The Forgotten 'Queen of Bath': Remembering Author/Mayoress Madame Sarah Grand
Wednesday 30 May
Lecture Theatre 5W 2.3
In the 1890s, Frances Bellenden Clarke McFall, otherwise known as Madame Sarah Grand, was one of the most notorious figures in the Victorian literary world. Her fame waned, however, and by the 1920s the once-radical writer had rather quietly assumed the role of Honorary Mayoress of Bath alongside the widower Mayor Cedric Chivers. Serving six successful years in office, Grand was a prominent figure in Bath, appearing at a near-constant stream of city functions and receiving countless mentions in local newspapers. Despite her later obscurity, Grand's earlier notoriety - and indeed her life in general - is a fascinating subject, providing rich narratives that give an insight into the history of Grand herself, Bath and Britain.

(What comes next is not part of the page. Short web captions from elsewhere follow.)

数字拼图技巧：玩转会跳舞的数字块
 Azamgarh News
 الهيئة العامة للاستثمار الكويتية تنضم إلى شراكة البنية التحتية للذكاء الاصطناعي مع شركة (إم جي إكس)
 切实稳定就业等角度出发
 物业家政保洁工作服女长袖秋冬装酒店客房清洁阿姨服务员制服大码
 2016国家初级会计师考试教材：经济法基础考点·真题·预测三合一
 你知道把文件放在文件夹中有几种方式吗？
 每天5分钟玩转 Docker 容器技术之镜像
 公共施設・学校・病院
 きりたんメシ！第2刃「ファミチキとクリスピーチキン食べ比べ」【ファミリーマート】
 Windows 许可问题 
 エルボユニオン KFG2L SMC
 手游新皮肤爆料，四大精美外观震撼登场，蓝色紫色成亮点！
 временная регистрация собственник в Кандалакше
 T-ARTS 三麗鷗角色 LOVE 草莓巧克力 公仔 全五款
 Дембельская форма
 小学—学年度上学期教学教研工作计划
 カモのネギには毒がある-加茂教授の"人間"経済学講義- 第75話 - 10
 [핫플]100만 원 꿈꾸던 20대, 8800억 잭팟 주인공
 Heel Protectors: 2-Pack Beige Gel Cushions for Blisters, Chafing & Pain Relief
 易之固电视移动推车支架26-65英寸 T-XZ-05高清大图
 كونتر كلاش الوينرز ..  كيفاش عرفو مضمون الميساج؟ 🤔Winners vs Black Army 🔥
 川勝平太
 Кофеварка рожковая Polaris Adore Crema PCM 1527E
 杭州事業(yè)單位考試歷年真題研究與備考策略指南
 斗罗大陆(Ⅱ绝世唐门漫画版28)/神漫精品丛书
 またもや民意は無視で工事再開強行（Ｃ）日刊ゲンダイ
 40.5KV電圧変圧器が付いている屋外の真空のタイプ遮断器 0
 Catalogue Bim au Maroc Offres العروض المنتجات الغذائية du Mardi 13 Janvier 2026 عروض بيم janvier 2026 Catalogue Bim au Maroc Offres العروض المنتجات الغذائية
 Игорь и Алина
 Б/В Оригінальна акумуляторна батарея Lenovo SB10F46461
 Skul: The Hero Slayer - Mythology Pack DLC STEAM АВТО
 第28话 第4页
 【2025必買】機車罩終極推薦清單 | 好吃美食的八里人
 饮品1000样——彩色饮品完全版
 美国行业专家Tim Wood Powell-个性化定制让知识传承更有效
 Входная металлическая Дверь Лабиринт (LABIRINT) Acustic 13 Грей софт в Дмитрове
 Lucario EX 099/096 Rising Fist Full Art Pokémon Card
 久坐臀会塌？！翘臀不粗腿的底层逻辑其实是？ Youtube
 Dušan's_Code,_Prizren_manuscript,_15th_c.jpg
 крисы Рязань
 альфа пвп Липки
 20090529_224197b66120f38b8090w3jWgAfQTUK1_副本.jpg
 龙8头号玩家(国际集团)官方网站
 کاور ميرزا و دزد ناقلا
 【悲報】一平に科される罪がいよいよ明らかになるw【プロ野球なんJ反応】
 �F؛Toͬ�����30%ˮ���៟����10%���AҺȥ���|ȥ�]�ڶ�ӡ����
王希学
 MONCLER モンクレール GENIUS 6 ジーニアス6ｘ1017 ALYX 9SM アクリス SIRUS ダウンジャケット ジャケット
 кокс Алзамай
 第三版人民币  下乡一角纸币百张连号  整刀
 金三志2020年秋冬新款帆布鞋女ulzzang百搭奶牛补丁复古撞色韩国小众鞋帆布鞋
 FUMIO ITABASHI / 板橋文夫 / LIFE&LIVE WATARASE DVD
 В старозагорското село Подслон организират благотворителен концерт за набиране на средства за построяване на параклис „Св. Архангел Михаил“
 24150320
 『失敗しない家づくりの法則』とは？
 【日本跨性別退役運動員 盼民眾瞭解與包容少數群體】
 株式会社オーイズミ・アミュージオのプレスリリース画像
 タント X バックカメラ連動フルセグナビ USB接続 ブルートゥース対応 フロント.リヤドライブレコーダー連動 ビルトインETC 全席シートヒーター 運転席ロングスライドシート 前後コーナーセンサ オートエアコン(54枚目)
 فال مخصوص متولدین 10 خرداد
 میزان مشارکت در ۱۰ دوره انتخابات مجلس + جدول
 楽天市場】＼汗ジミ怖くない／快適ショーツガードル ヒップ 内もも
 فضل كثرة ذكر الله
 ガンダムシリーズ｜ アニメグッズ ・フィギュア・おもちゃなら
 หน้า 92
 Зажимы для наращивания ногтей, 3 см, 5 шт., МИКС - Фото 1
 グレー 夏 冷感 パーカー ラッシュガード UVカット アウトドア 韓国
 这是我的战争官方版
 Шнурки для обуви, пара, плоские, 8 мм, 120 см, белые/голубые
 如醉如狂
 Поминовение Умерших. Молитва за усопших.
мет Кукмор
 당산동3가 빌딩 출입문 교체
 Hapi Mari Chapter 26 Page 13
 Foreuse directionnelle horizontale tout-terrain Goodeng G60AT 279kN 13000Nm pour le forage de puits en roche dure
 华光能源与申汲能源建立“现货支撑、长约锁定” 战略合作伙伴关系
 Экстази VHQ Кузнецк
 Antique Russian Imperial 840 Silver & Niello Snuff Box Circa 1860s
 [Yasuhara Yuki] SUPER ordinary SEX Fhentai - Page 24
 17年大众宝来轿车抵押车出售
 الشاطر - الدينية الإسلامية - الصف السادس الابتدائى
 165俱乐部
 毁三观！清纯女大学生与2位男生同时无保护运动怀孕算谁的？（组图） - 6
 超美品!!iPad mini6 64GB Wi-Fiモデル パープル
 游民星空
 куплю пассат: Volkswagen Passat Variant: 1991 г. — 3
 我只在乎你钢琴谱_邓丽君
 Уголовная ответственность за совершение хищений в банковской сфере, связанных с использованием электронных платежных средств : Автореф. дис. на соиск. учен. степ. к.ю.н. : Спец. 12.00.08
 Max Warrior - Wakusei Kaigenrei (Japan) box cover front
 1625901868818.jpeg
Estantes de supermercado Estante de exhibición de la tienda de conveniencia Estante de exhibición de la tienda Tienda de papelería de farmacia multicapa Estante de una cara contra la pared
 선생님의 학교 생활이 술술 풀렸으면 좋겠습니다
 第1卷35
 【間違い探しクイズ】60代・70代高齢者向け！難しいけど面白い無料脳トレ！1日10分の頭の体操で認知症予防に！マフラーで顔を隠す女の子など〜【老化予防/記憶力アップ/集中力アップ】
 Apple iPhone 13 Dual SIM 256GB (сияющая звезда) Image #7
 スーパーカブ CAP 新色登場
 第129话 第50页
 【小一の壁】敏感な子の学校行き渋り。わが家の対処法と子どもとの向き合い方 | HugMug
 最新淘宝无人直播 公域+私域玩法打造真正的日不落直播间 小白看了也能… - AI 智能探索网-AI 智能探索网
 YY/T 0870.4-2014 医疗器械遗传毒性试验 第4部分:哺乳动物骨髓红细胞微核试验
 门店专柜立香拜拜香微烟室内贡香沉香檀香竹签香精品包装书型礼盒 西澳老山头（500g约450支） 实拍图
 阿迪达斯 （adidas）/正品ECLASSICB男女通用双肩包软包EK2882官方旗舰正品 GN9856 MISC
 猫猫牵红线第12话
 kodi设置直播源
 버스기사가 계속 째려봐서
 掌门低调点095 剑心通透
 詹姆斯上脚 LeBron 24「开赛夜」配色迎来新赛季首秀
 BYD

For more lectures, see the full Summer 2012 GULP programme.
Ms Maura Dunst
Maura Dunst is studying for a PhD in English at the University of Hull. Her thesis, "Such Genius as Hers: Music and Gender in New Woman Fiction" examines the role of music as part of the answer to "The Woman Question" in the works of Sarah Grand, Mona Caird, George Egerton, and their fellow New Woman writers. Originally hailing from America's Midwest, Maura completed a BA in Journalism at the University of Missouri before undertaking an MA in English at the University of Wisconsin-Eau Claire, where she wrote her dissertation on the chime in Sarah Grand's The Heavenly Twins, the project that inspired her current PhD research. Her research interests include Victorian literature and culture (with particular focus on the 1890s), New Woman fiction, music in literature, women's writing and gender studies.